By Charly SHELTON
Courage, smiling, appreciation, caring, believing, simplicity, education, healing, dreaming, faith, contemplation, groundedness, creativity, humility, reverence, gratitude, integrity, freedom. These words can change the world. Not just these words, but the thoughts and actions behind them. This is the impetus behind the upcoming Season for Nonviolence, to be observed at the Center for Spiritual Living in La Crescenta.
“It started in 1998, co-founded by Dr. Arun Ghandi and Sunanda Gandhi and the Association of Global New Thought, with Dr. Michael Bernard Beckwith. It starts Jan. 30 and goes through April 4 and it honors the memorial anniversaries of Mahatma Gandhi and Dr. Martin Luther King Jr.,” said Laney Clevenger White, RScP emeritus at the Center for Spiritual Living. “They started it because their mission is to heal, empower and revitalize our lives and our communities through practicing nonviolence as a way of life. So they’ve chosen words and practices that people can use every day to just kind of keep their mind focused on nonviolence as a way of living. It’s happened [over the last 18 years] in 900 cities in 67 countries.”
Every Sunday service, beginning on Jan. 31, will start with a special “soul-ebration” ceremony when the congregation will meet and make the Season of Nonviolence a part of their services. At each service, someone will light seven candles and read the seven words to be thought about each day for the next week, one word per day. This is done over nine weeks, with 64 words in total. Each word comes with an affirmation and a practice on how to implement the word in the congregant’s life.
For example, for the word appreciation, its explanation quote is “It is vital that people count their blessings to appreciate what they possess without having to undergo its actual loss.” The affirmation is “We’ve all heard the expression you don’t know what you’ve got till it’s gone.
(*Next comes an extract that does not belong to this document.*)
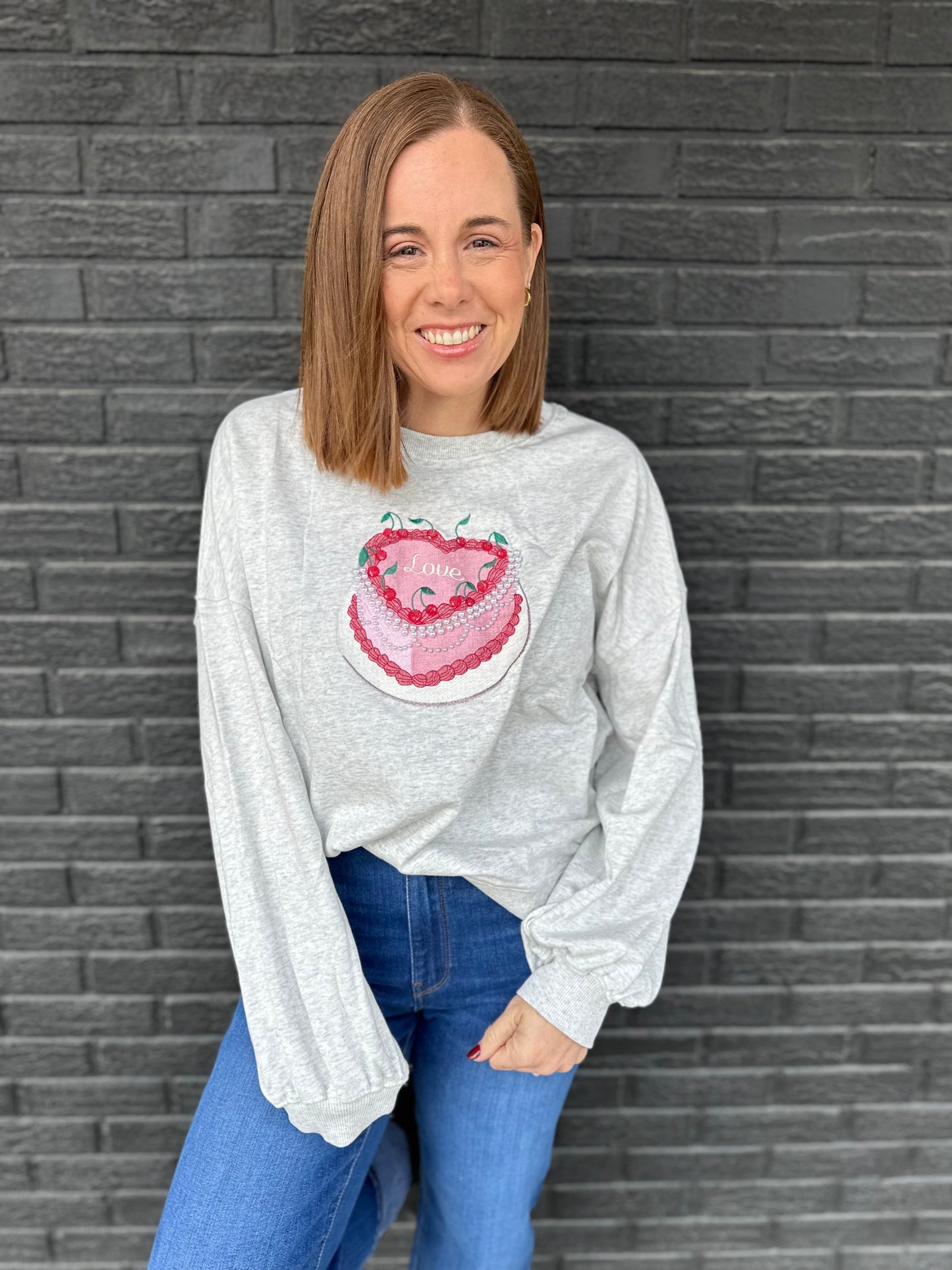 HEART CAKE W/PEARL DETAIL CREWNECK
Why do we wait? Today I pause to appreciate, acknowledge and express gratitude for all that I have – my life, my health, my home, my talents, my relationships, enough food and water.” And the practice is to write down 10 things that people appreciate about themselves and their lives and tell at least one other person what they appreciate about them. This prompts participants to not only think about the word but to enact it’s meaning in their daily lives, even if only for a day.
“It’s a good practice that people, if they do it every day, mentally, emotionally and spiritually, start living and believing and acting that way,” White said.
Each Sunday, participants at the Center for Spiritual Living will receive the seven words for the coming week along with each one’s affirmation and action for daily use. White said that possibly at the end of the season there will be a meeting where participants can share how it affected their lives.
“It’s really cool and it’s so important now [with what] we hear in the news every day and what’s going on in the world,” White said. “It takes one person and another person and another person to head toward that critical mass so that eventually we will reach 51% and it tips the scale. We actually could all live in peace in the world and nonviolence in every day of our lives. This is just a good reminder to practice every day for those 64 days, to plant the seed in your mind and someone else’s mind, to help shift towards thinking nonviolently.”